Bild: Erster Preis beim Schminkwettberwerb: KISS.
In den Siebzigern waren Kiss die ultimative Bravo-Posterband, ideal zum
Übertünchen der Kinderzimmertapete. Genau wie ihre Musik die ultimative
Schaumschlägerversion von Hardrock war. Eine perfekte Mischung aus
Glamrock-Travestie, vorsintflutlicher Punkhärte und Halloween-Horror. Kiss
verkörperten damals Teenager-Angst und Teenager-Lust.
Ihr Songtitel "Rock n Roll All Night and Party Every Day?" ist das, was zum
Lebensabschnitt Teenager rockt: "Pared-down urban-burlesque bootstrap
electrocution for teenagers who wanna (mostly male), about teenagers who
dont (mostly female)", so formulierte es der Kritiker Chuck Eddy einmal.
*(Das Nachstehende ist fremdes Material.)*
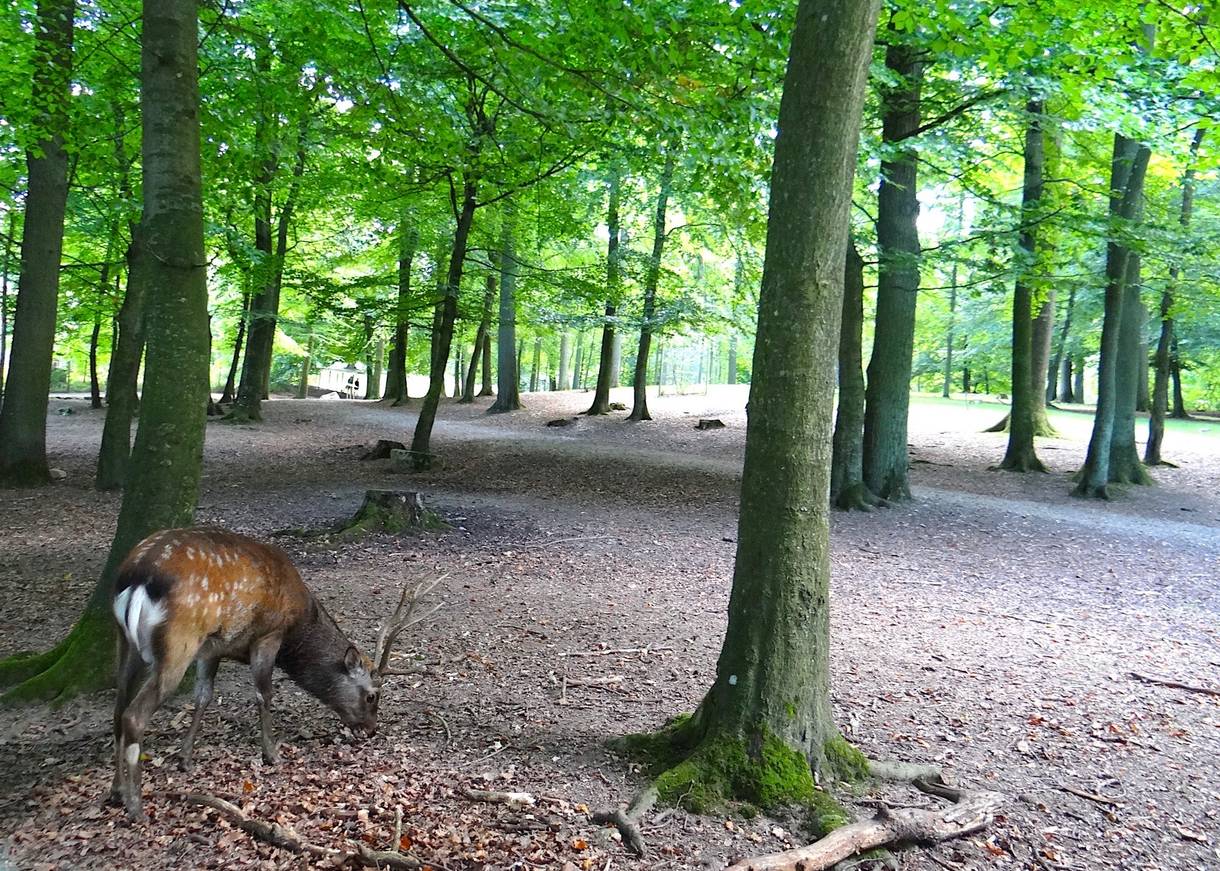 Rehbock unter Laubbäumen im Park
Der entscheidende Standortvorteil von Kiss war ihr Make-up, denn es war
cooler als das der Konkurrenz. Selbst das ärgste Pickelgesicht konnte so
Teil der Kiss-Idee werden. Und Mitglied des Fanclubs "Kiss-Army", der
immerhin einzigen Armee, die noch nie einen Schuss abgegeben hat.
Das - und eine gute Balance aus harten Riffs und poptauglichen
Ohrwurmrefrains - unterscheidet Kiss auch von humorlosen Hardrockbands wie
Black Sabbath.
Andererseits wurden Kiss von der "seriösen" Rockpresse seit jeher gehasst.
Und das, obwohl sie mit Lärmsongs wie "Detroit Rock City" die Fans von
Punk-Pionieren wie den Stooges direkt ansprachen.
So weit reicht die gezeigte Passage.